Records from a dataset:
────
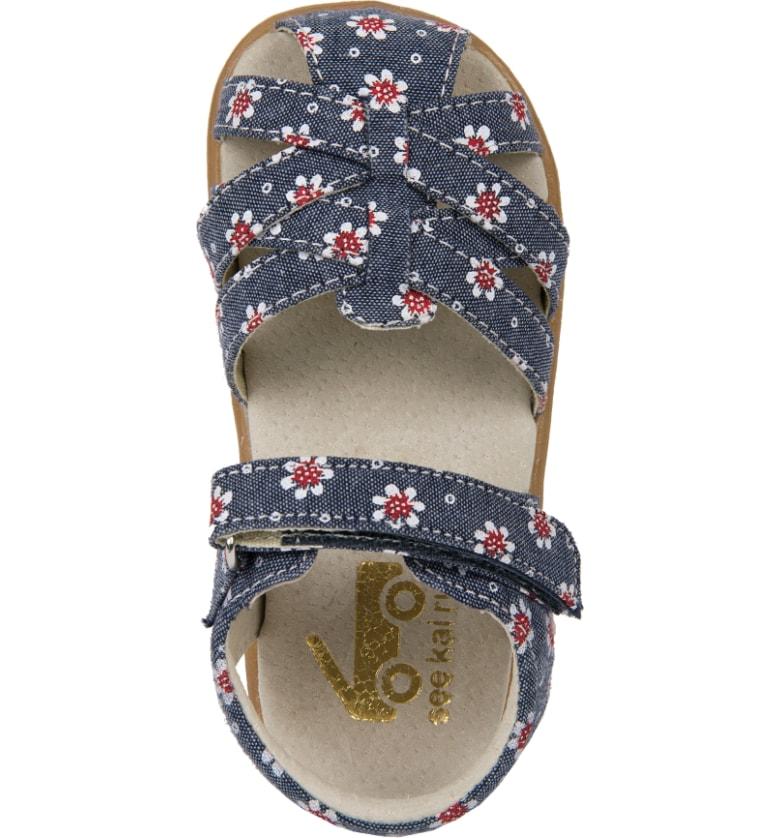 See Kai Run Camila II Sandal Chambray Flowers - Tadpole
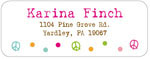 Queen Bee Personalized Return Address Labels - Peace & Love (LBL-44)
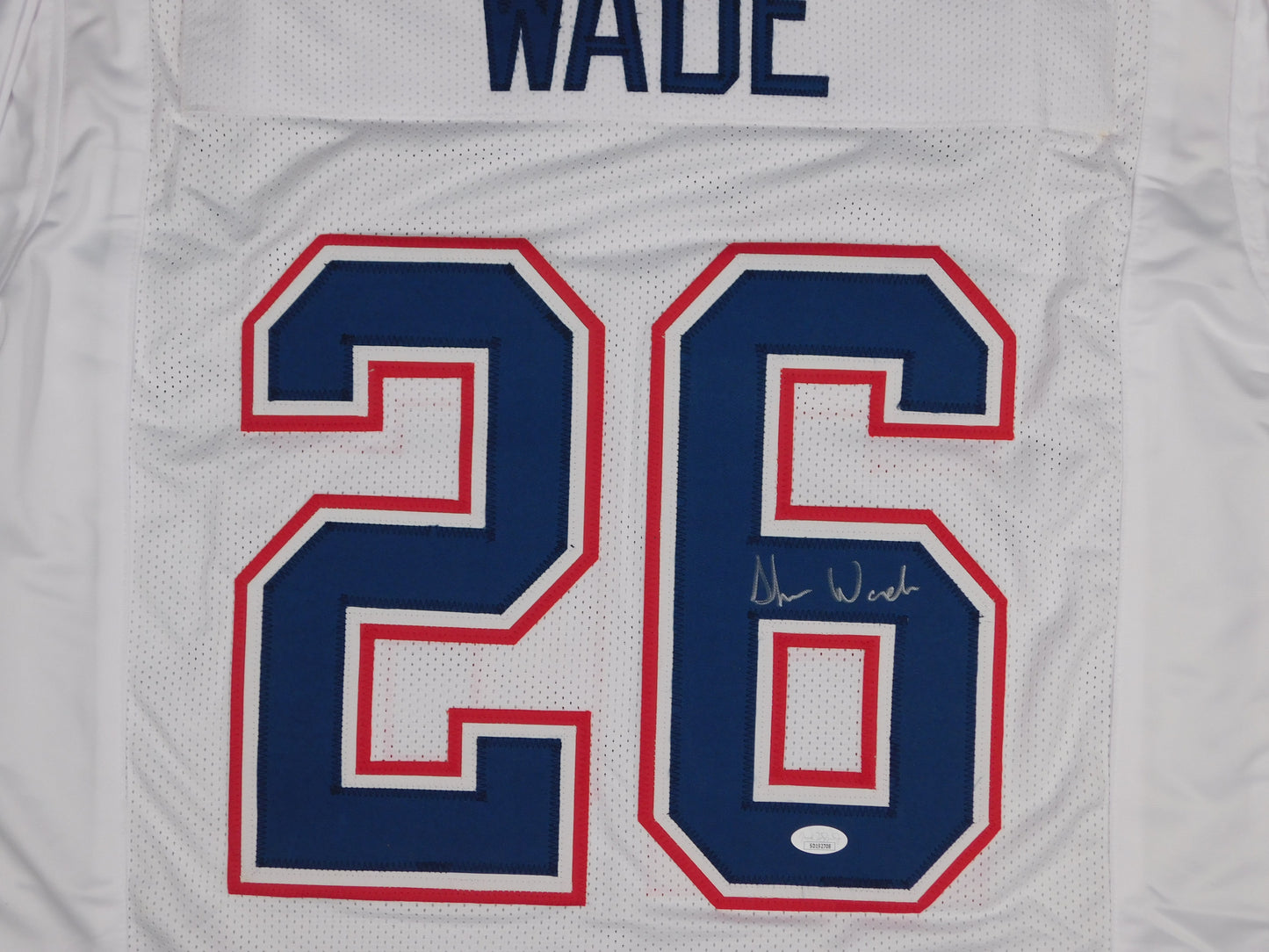 Shaun Wade Signed Autographed New England Patriots White Football Jersey JSA COA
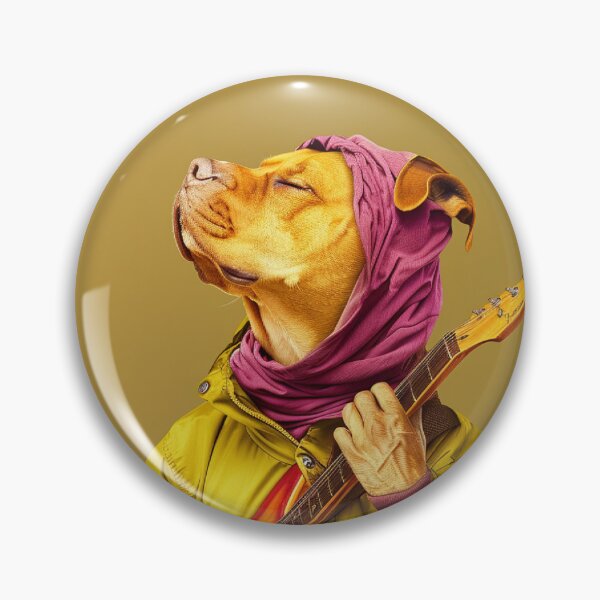 Item preview, A dog playing the guitar designed and sold by PixcelStudioB.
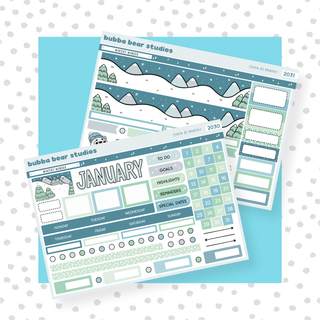 2023 - Hobonichi Cousin Monthly January Bubba Bear Studios 2023 - Hobonichi Cousin Monthly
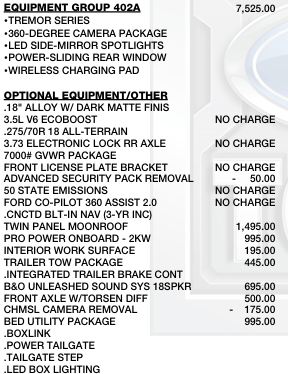 2023 Ford F-150 Tremor Knoxville TN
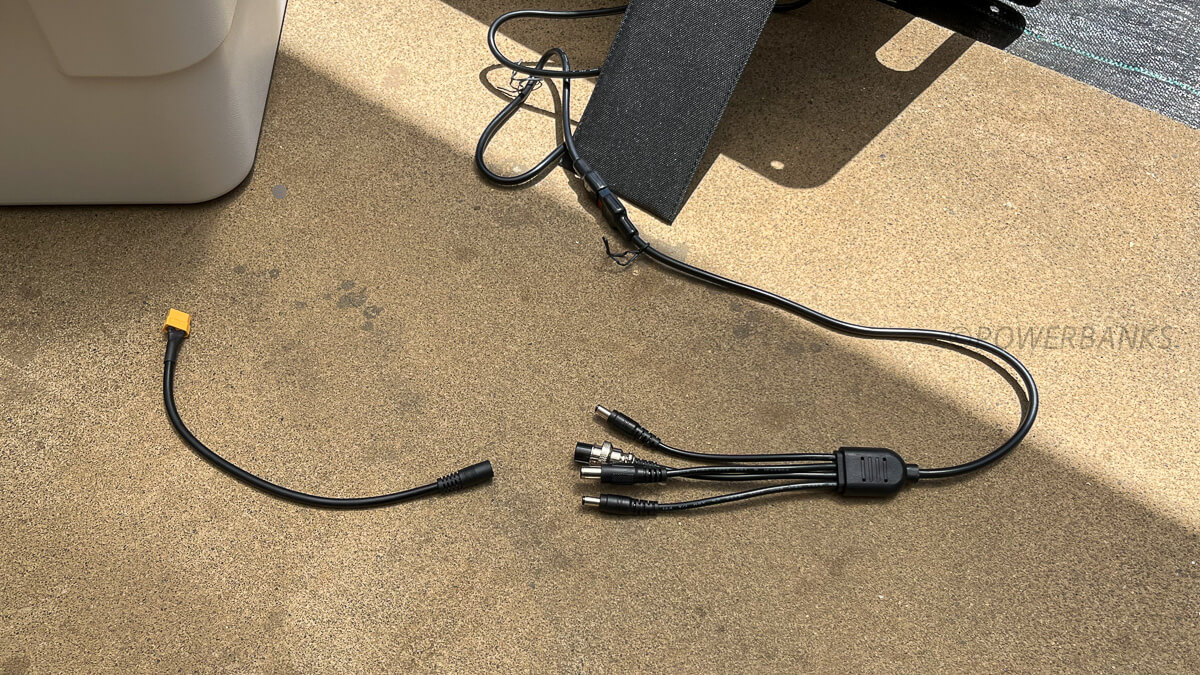 DC出力のソーラーパネルをリバー2に接続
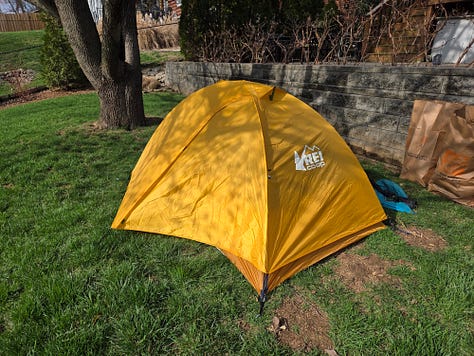 If I do end up replacing this tent, I'm going to miss the ability to be seen from low earth orbit.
────
• **Work order**:
Your output should be the lines above from the one that contains "Shaun Wade Signed" through the one that contains "DC出力のソーラーパネルをリバー2に接続", word for word, with pictures left out.

• **Result**:
 Shaun Wade Signed Autographed New England Patriots White Football Jersey JSA COA
 Item preview, A dog playing the guitar designed and sold by PixcelStudioB.
 2023 - Hobonichi Cousin Monthly January Bubba Bear Studios 2023 - Hobonichi Cousin Monthly
 2023 Ford F-150 Tremor Knoxville TN
 DC出力のソーラーパネルをリバー2に接続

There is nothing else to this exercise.